TASK DETAILS:
Pull out of the data below the stretch of lines bounded by the one containing "Cómo cargar en" and the one containing "FC Poperinge speelt", both bounds included, unchanged.

(Records contained in a dataset)
______

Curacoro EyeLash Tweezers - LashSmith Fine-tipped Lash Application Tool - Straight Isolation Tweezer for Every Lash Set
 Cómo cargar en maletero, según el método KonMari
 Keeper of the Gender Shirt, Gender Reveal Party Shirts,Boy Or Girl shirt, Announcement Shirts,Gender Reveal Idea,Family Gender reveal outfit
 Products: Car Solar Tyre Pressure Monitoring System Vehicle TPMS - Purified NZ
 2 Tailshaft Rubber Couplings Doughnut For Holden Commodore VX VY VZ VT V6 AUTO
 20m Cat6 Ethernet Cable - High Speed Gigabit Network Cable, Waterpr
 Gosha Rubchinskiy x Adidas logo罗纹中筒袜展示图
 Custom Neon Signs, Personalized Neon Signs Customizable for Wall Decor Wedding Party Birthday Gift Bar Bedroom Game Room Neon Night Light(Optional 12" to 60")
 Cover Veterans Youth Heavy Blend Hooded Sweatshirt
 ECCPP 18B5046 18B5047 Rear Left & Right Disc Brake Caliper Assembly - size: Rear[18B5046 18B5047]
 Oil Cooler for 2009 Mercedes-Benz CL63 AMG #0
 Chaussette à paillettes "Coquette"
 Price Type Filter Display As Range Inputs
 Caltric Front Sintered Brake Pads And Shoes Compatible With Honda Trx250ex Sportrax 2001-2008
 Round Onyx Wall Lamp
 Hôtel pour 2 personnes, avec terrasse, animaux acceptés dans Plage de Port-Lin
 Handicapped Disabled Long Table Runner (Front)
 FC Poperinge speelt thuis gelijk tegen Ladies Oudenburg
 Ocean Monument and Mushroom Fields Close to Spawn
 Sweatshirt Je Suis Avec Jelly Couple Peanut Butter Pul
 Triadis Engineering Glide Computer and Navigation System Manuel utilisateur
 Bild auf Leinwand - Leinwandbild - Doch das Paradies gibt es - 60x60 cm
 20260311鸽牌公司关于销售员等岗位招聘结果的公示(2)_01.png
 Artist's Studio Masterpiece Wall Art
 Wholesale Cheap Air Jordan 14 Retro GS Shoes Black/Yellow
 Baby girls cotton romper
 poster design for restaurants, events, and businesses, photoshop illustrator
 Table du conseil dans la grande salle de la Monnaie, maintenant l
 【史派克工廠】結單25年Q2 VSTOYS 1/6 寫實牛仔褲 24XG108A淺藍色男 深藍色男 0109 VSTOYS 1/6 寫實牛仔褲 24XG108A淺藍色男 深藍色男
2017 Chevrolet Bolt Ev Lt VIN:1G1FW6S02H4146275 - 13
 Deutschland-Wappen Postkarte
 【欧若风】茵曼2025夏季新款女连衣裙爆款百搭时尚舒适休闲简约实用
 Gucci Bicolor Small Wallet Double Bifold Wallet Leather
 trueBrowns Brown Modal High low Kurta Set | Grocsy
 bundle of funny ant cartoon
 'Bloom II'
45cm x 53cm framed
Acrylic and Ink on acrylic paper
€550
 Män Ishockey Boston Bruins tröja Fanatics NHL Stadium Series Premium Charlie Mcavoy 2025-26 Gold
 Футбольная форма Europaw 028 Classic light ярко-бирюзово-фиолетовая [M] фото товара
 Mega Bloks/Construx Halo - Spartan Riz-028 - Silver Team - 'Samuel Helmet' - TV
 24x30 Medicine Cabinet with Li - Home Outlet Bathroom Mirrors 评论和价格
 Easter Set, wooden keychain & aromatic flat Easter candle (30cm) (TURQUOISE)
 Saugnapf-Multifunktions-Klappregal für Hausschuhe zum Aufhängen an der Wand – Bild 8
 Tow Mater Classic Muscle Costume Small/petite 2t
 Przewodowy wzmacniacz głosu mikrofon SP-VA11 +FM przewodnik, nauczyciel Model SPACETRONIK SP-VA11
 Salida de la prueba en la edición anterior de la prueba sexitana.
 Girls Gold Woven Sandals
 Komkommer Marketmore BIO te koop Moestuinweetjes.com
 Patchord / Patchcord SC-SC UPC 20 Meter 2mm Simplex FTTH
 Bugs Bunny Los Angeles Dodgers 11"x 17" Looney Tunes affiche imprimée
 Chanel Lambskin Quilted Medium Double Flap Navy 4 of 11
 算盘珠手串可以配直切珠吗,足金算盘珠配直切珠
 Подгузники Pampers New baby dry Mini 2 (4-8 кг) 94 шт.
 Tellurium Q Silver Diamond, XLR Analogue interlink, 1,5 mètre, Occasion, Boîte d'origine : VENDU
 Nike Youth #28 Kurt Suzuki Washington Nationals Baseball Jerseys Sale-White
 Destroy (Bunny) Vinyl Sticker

______

REPLY:
 Cómo cargar en maletero, según el método KonMari
 Keeper of the Gender Shirt, Gender Reveal Party Shirts,Boy Or Girl shirt, Announcement Shirts,Gender Reveal Idea,Family Gender reveal outfit
 Products: Car Solar Tyre Pressure Monitoring System Vehicle TPMS - Purified NZ
 2 Tailshaft Rubber Couplings Doughnut For Holden Commodore VX VY VZ VT V6 AUTO
 20m Cat6 Ethernet Cable - High Speed Gigabit Network Cable, Waterpr
 Gosha Rubchinskiy x Adidas logo罗纹中筒袜展示图
 Custom Neon Signs, Personalized Neon Signs Customizable for Wall Decor Wedding Party Birthday Gift Bar Bedroom Game Room Neon Night Light(Optional 12" to 60")
 Cover Veterans Youth Heavy Blend Hooded Sweatshirt
 ECCPP 18B5046 18B5047 Rear Left & Right Disc Brake Caliper Assembly - size: Rear[18B5046 18B5047]
 Oil Cooler for 2009 Mercedes-Benz CL63 AMG #0
 Chaussette à paillettes "Coquette"
 Price Type Filter Display As Range Inputs
 Caltric Front Sintered Brake Pads And Shoes Compatible With Honda Trx250ex Sportrax 2001-2008
 Round Onyx Wall Lamp
 Hôtel pour 2 personnes, avec terrasse, animaux acceptés dans Plage de Port-Lin
 Handicapped Disabled Long Table Runner (Front)
 FC Poperinge speelt thuis gelijk tegen Ladies Oudenburg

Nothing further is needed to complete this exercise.